Fern sind mir alle, so fühlt sich das manchmal an. Warum wenden sich so viele einem unbekannten Gott zu, den es vielleicht gar nicht gibt? Ist da noch wer, der mich durch trägt, der mich anhört? In der Computerwelt, im Internet gibt es viel Kontakt miteinander und Hilfe untereinander. Wenn ich will, ist mein Name, ja mein Gesicht wie ein offenes Buch für alle Benutzer am Computer sichtbar. Und ich kann mich eintragen und suchen lassen oder selbst auf die Suche gehen. Freundschaften werden im weltweiten Netz – wie im gewohnten Alltag - abgebildet oder sogar gestiftet. Und die Reichweite ist enorm. Über drei Ecken findet man Kontakte, die im wahrsten Sinn des Wortes in die Millionen gehen. Irgendwo wird doch einer sein, der mich versteht, der meinen Gedanken teilt.
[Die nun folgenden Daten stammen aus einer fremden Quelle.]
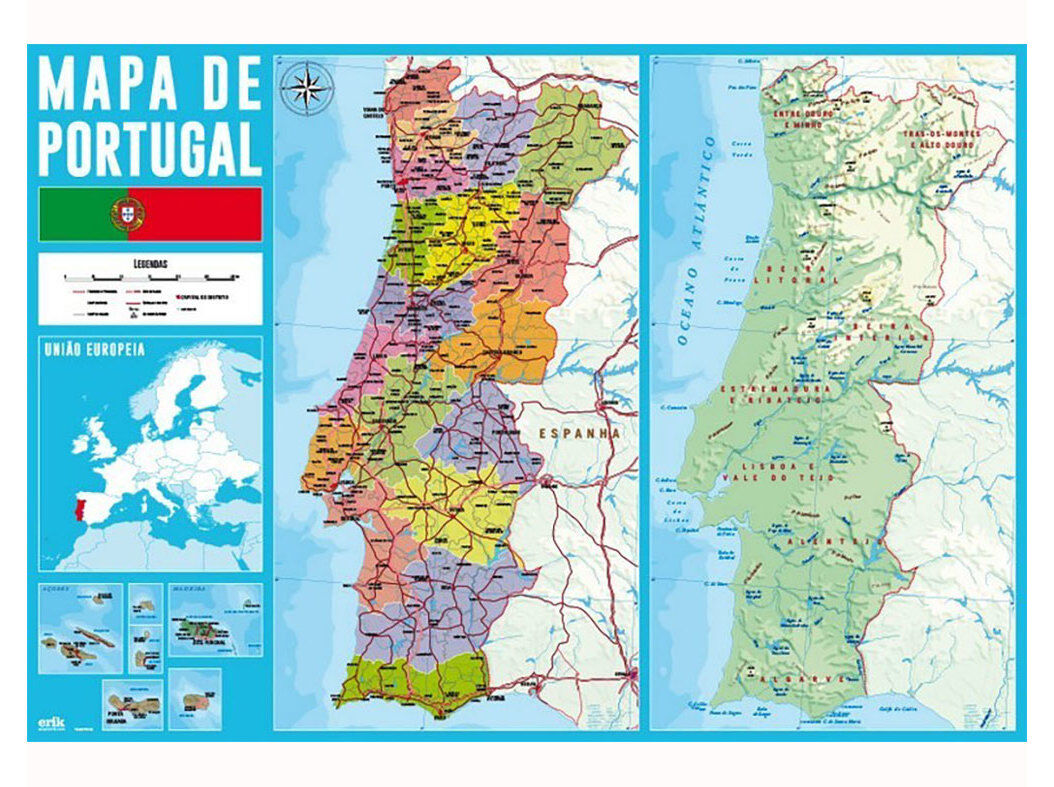 BASE DE SECRET&Aacute;RIA MAPA PORTUGAL PLASTIFICADA 35X50CM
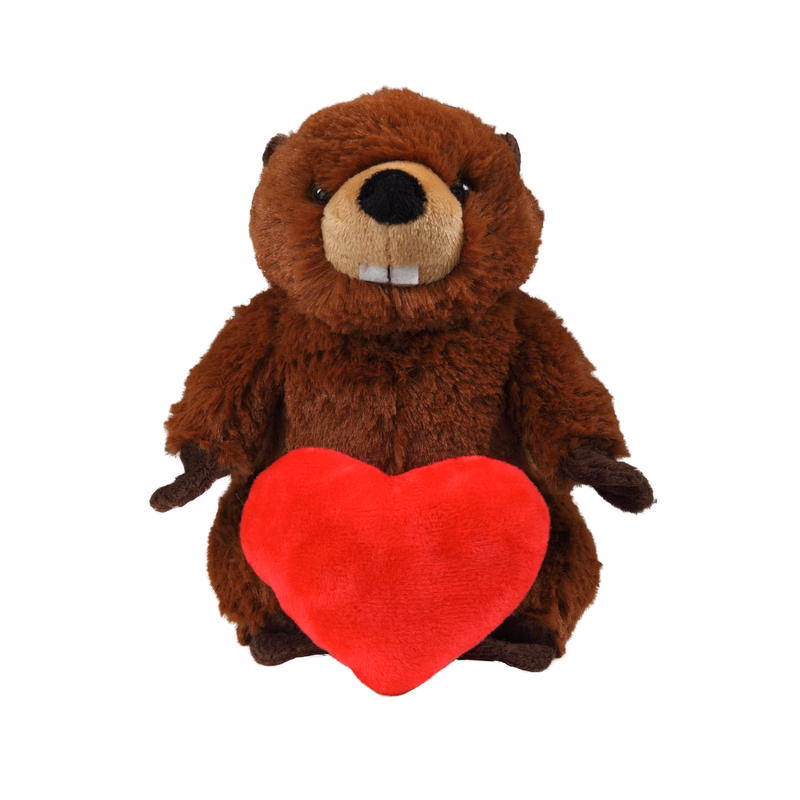 Soft Plush Sitting Beaver holding a Red Heart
In einem Lied des deutschen Liedermachers Herbert Grönemeyer heißt es dazu: „Der Mensch heißt Mensch, weil er vergisst, weil er verdrängt,  und weil er schwärmt und stählt,  weil er wärmt wenn er erzählt, und weil er lacht, weil er lebt.“ Später meint Herbert Grönemeyer auch noch: „Der Mensch heißt Mensch, weil er irrt und weil er kämpft, und weil er hofft und liebt, weil er mitfühlt und vergibt, und weil er lacht und weil er lebt“ und noch weiter: „Der Mensch heißt Mensch, weil er erinnert, weil er kämpft und weil er hofft und liebt, weil er mitfühlt und vergibt und weil er lacht und weil er lebt“.

 

Eine enorme Reichweite, die „der Mensch“, die unsere Gattung hervorbringt. Und wir kennen all das, aber je verschieden, an unterschiedlichen Orten zu anderen Zeiten kämpfen und irren wir, lachen, leben, erinnern und erzählen wir. Jeder ganz besonders und einzigartig. Wo ich mich allein fühle und mich am liebsten verstecken möchte, da vergesse ich nämlich, dass wir so ähnlich sind. So wunderbar vielfältig und aneinander orientiert – so schwer fällt das Einfühlen, das Mitgehen. Ich möchte es mir vor Augen halten: Aus dem dunklen Ort hilft kein [facebook und] kein Internet heraus. Und selbst wenn ich über sieben Ecken zu allen Menschen auf dieser Erde finden würde, so führt mich niemand wie der, der mich von Anfang an und auch heute und morgen hört.

 

Ja gerade, wenn das Menschsein schmerzt, wenn ein Vertrauen gebrochen ist und mir die Sprache verschlägt, dann erkenne ich, wie das Beten eine andere Hoffnung weckt. Es erfordert Geduld, es weist mich über das Menschsein und alle Verstrickungen hinaus. Die unermessliche Reichweite Gottes zeigt sich, wenn wir beten wie der Psalmist:

 

Ich bin wie taub und höre nicht, und wie ein Stummer, der seinen Mund nicht auftut. Ich muss sein wie einer, der nicht hört und keine Widerrede in seinem Munde hat. Aber ich harre, HERR, auf dich; du, Herr, mein Gott, wirst erhören.